__RECORDS TO PROCESS__.
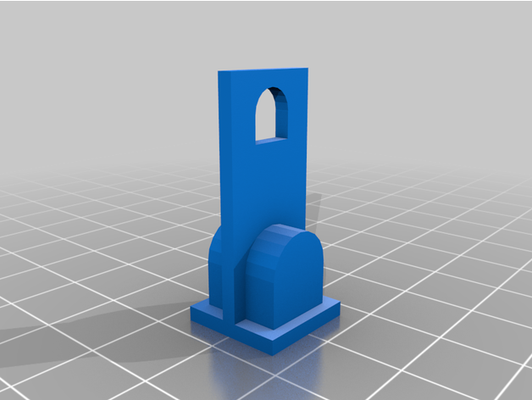 haken schiene vorhang by olivier 3d print model - Mito3D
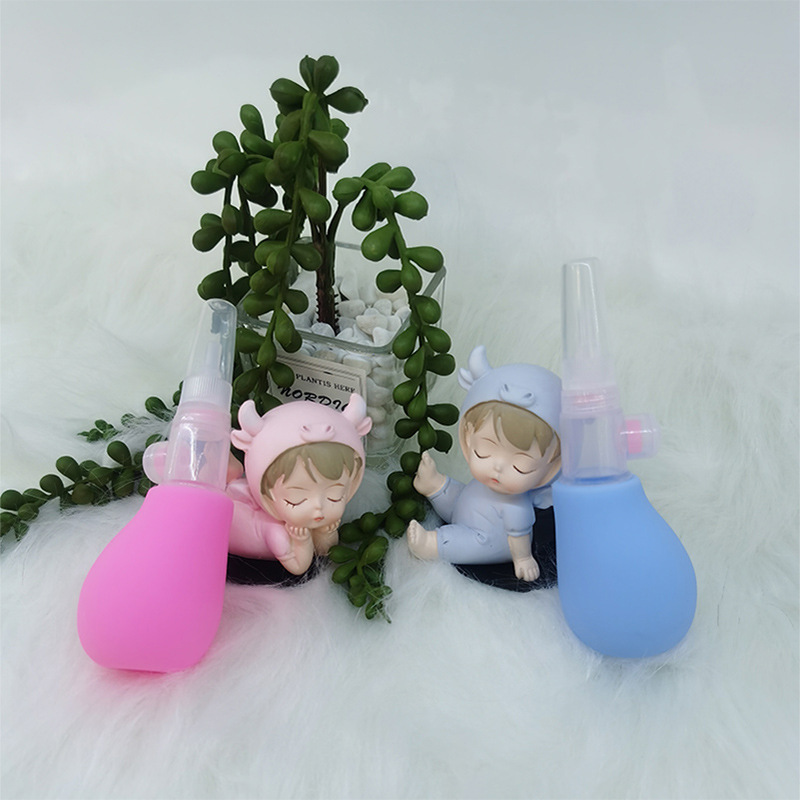 Anti-Backflow Nasal Aspirator New Type Baby Silicone Pump Type Double-Layer Anti-Backflow Nasal Aspirator Factory Direct Sales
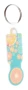 Keyring with shopping trolley coin | Plastic | Full colour graphics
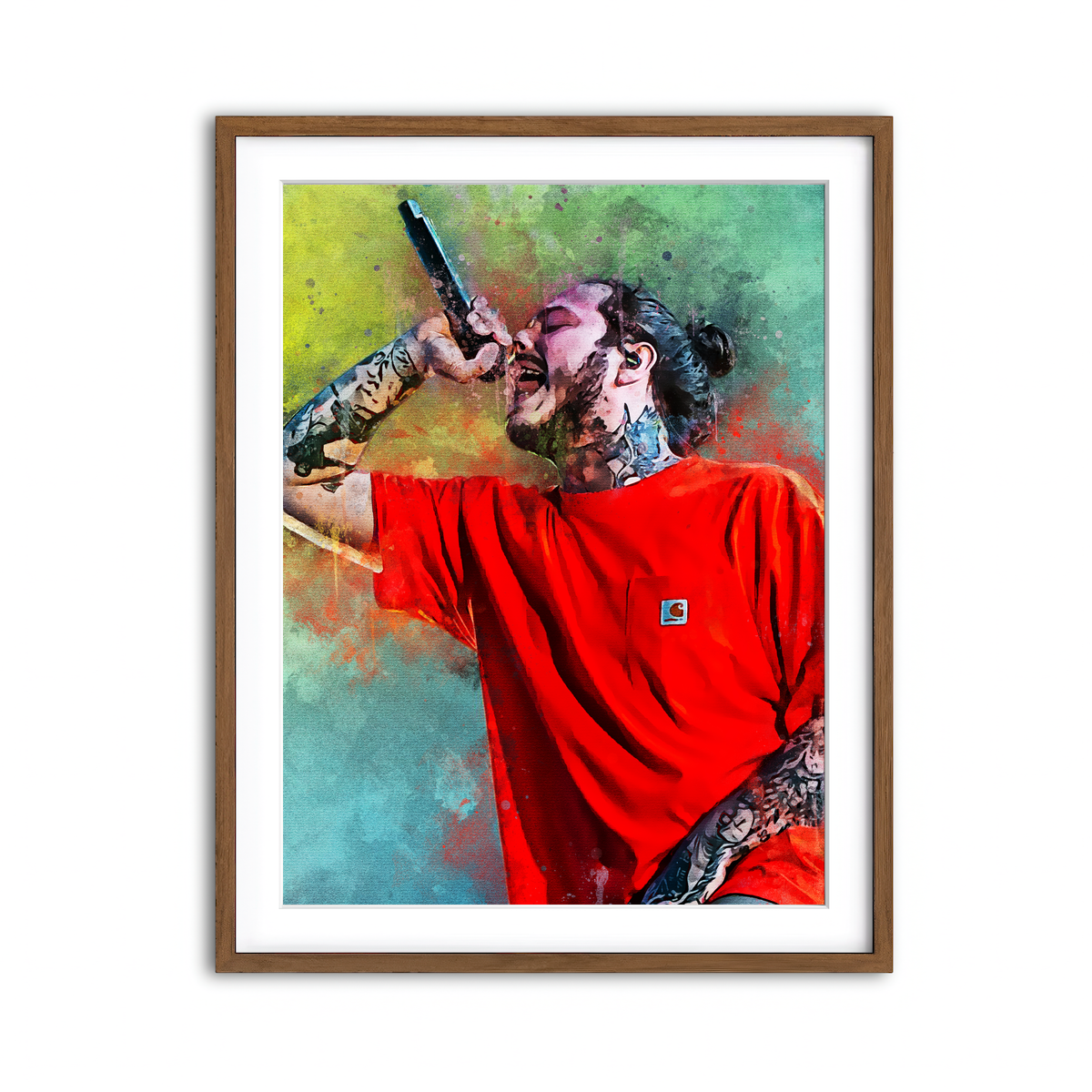 Framed Print 3x4 Walnut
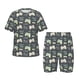 thumbnail image 1 of Fotbe Gamers Pijama Estampada de 2 Piezas para Niños – Ropa de Dormir de Manga Corta Cómoda para Niños y Niñas, Camiseta y Shorts de Algodón-Small, 1 of 6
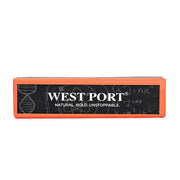 West Port Premium Leather Handcrafted Keychain (WP-KEYCHAIN-02-BLUE-PINK)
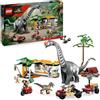 LEGO JURASSIC WORLD ALLA RICERCA DEL RAPTOR E DEL TITANOSAURO CON 2 2 FIGURE DI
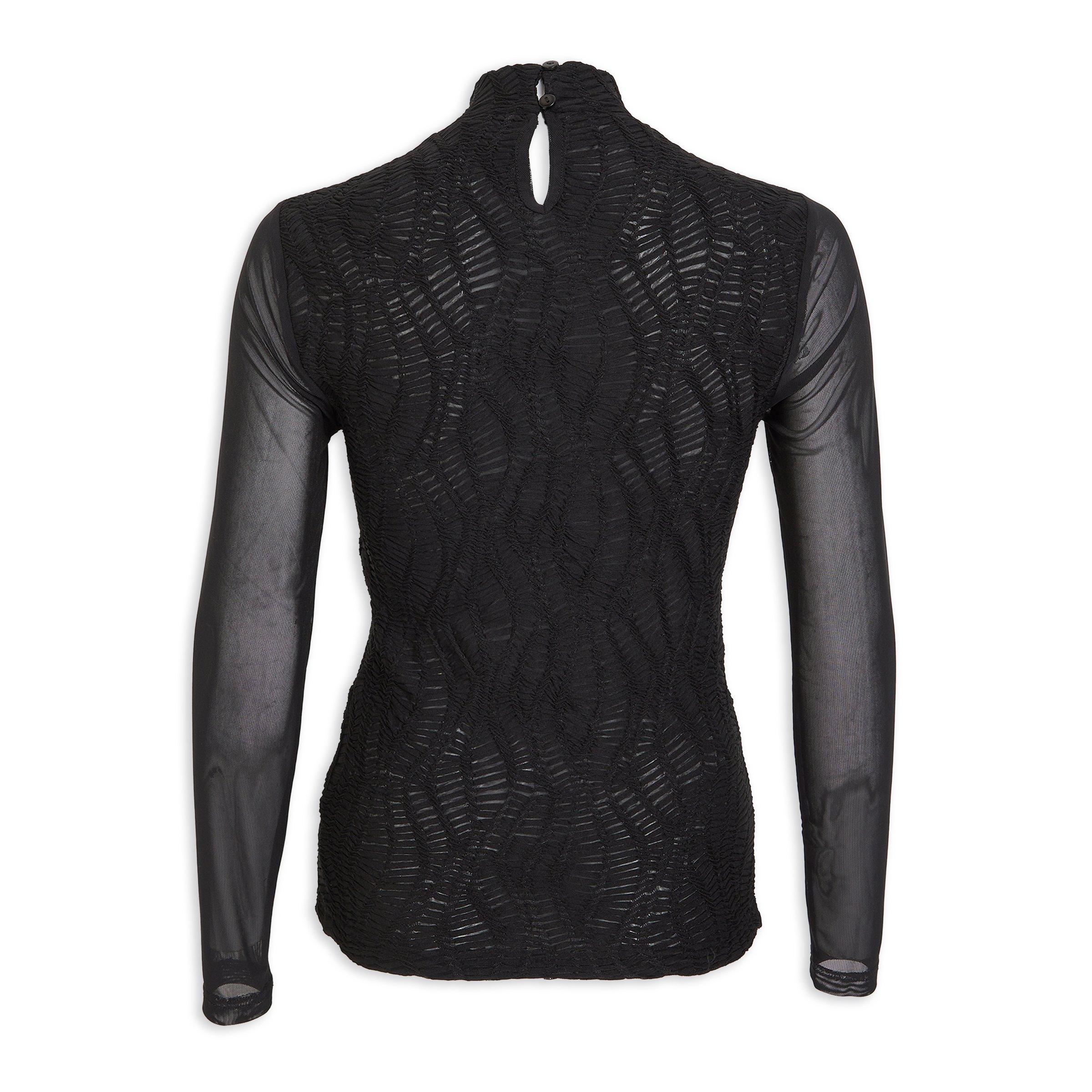 トップス andmary Lil lace knit tops black ANDMARY】Lil lace knit tops
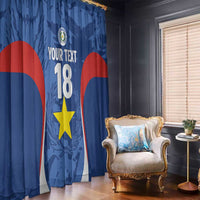 Custom Paraguay Football Window Curtain La Albirroja Pride - Wonder Print Shop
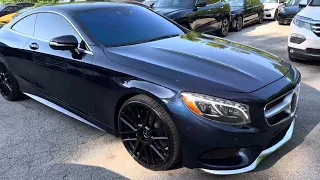 2016 Mercedes Benz S550 4Matic w/ Magic Sky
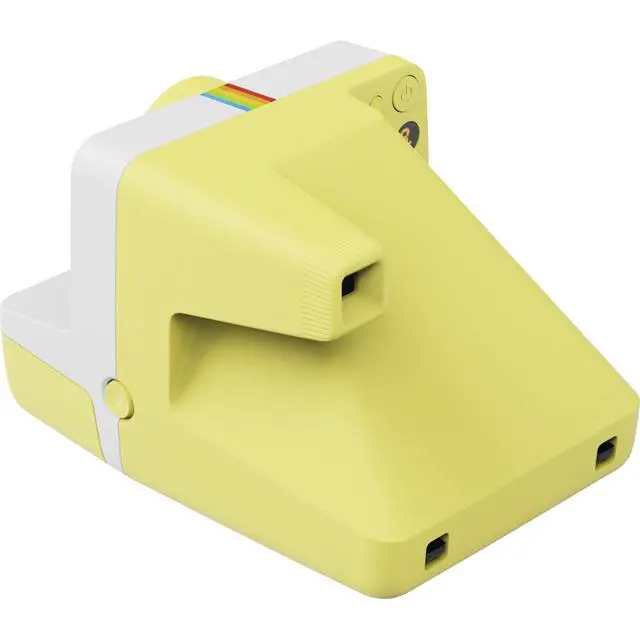 Alt view image 4 of 7 - Polaroid Now Generation 3 i-Type Instant Camera (Yellow) with 8 i-Type Color Film Starter Bundle + Charging Cable and Cleaning Cloth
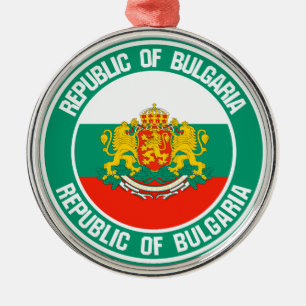 Adorno Metálico Bulgaria redonda Emblem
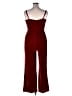 Laundry by Shelli Segal Solid Burgundy Jumpsuit Size 14 - photo 2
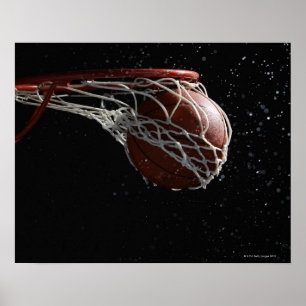 Basketball door hoepel 2 poster
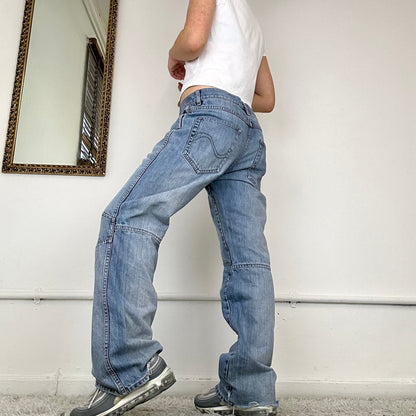 baggy cargo jeans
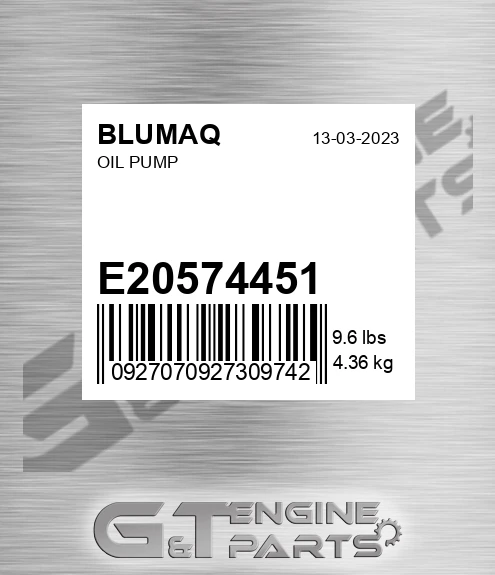 E20574451 BLUMAQ Oil Pump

__ACTIVITY__. All of the material must be repeated exactly in the answer, apart from the pictures.

__SOLUTION FOR THIS TASK__.
 haken schiene vorhang by olivier 3d print model - Mito3D
 Anti-Backflow Nasal Aspirator New Type Baby Silicone Pump Type Double-Layer Anti-Backflow Nasal Aspirator Factory Direct Sales
 Keyring with shopping trolley coin | Plastic | Full colour graphics
 Framed Print 3x4 Walnut
 thumbnail image 1 of Fotbe Gamers Pijama Estampada de 2 Piezas para Niños – Ropa de Dormir de Manga Corta Cómoda para Niños y Niñas, Camiseta y Shorts de Algodón-Small, 1 of 6
 West Port Premium Leather Handcrafted Keychain (WP-KEYCHAIN-02-BLUE-PINK)
 LEGO JURASSIC WORLD ALLA RICERCA DEL RAPTOR E DEL TITANOSAURO CON 2 2 FIGURE DI
 トップス andmary Lil lace knit tops black ANDMARY】Lil lace knit tops
 Custom Paraguay Football Window Curtain La Albirroja Pride - Wonder Print Shop
 2016 Mercedes Benz S550 4Matic w/ Magic Sky
 Alt view image 4 of 7 - Polaroid Now Generation 3 i-Type Instant Camera (Yellow) with 8 i-Type Color Film Starter Bundle + Charging Cable and Cleaning Cloth
 Adorno Metálico Bulgaria redonda Emblem
 Laundry by Shelli Segal Solid Burgundy Jumpsuit Size 14 - photo 2
 Basketball door hoepel 2 poster
 baggy cargo jeans
 E20574451 BLUMAQ Oil Pump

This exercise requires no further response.